Chest CT and reverse transcriptase-polymerase chain reaction assays for diagnosing COVID-19 (search done on 3 April 2020)

Added July 16, 2020

Citation: Kim H, Hong H, Yoon SH. Diagnostic performance of CT and reverse transcriptase-polymerase chain reaction for coronavirus disease 2019: a meta-analysis. Radiology. 2020 Apr 17:201343.

What is this? Various methods have been suggested for the diagnosis of COVID-19, including chest computed tomography (CT) scans and reverse transcriptase-polymerase chain reaction (RT-PCR) assays.

In this systematic review and meta-analysis, the authors searched for studies on chest CT scans or RT-PCR assays as diagnostic tests for COVID-19. They restricted their search to articles published between 1 December 2019 and 16 March 2020 and did the search on 3 April 2020. They included 68 articles.

What was found: At the time of this review, the included studies showed that the positive predictive value (PPV) of RT-PCR assays was >10 times higher than that of chest CT scans in countries with a low prevalence (<10%) of COVID-19; and that chest CT scans and RT-PCR assays both had high negative predictive values (NPV).

At the time of this review, the included studies gave pooled sensitivity and specificity of chest CT scans for COVID-19 diagnosis of 94% and 37%, respectively.

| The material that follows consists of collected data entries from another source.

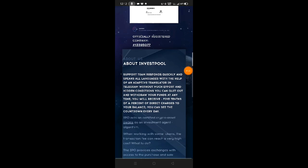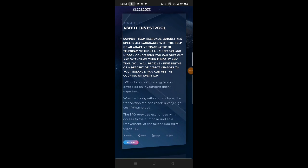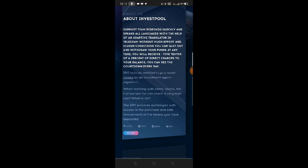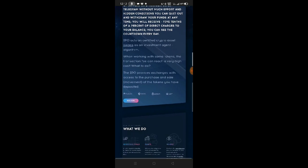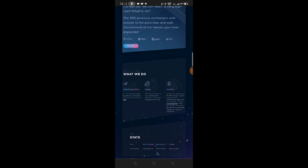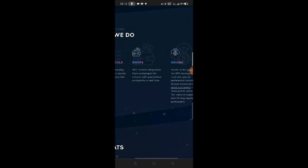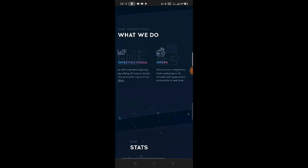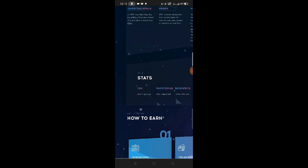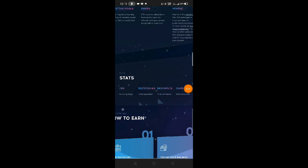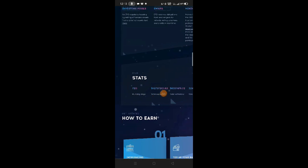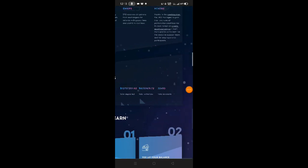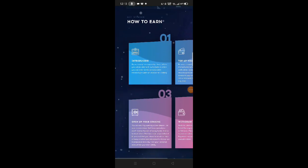About us - here we can read about investpool. What they do: invest pools, swaps, mining - that's what they do here. This is their statistics: running days, total deposit, total withdrawal, and total accounts.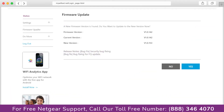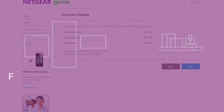The third thing that you can do is make sure that you are using the latest firmware version on your Netgear range extender. If you do not know how to update firmware, watch one of our videos on it.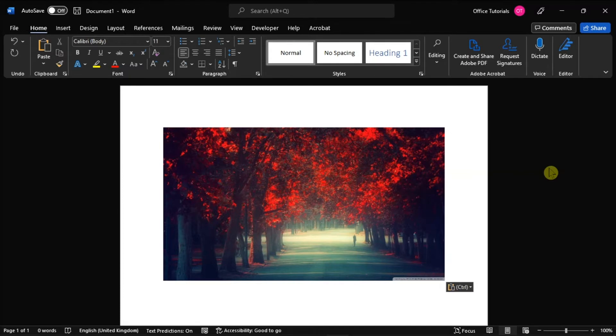As a first step, you have to launch Microsoft Word on your device and open the document you're currently working on.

At the time of this review, the included studies gave a pooled sensitivity of RT-PCR assays for COVID-19 diagnosis of 89%.

 

Disclaimer: This summary has been written by staff and volunteers of Evidence Aid in order to make the content of the original document accessible to decision makers who are searching for the available evidence on the coronavirus (COVID-19) but may not have the time, initially, to read the original report in full. This summary is not intended as a substitute for the medical advice of physicians, other health workers, professional associations, guideline developers, or national governments and international agencies. If readers of this summary think that the evidence that is presented within it is relevant to their decision-making they should refer to the content and details of the original article, and the advice and guidelines offered by other sources of expertise, before making decisions. Evidence Aid cannot be held responsible for any decisions made about the coronavirus (COVID-19) on the basis of this summary alone.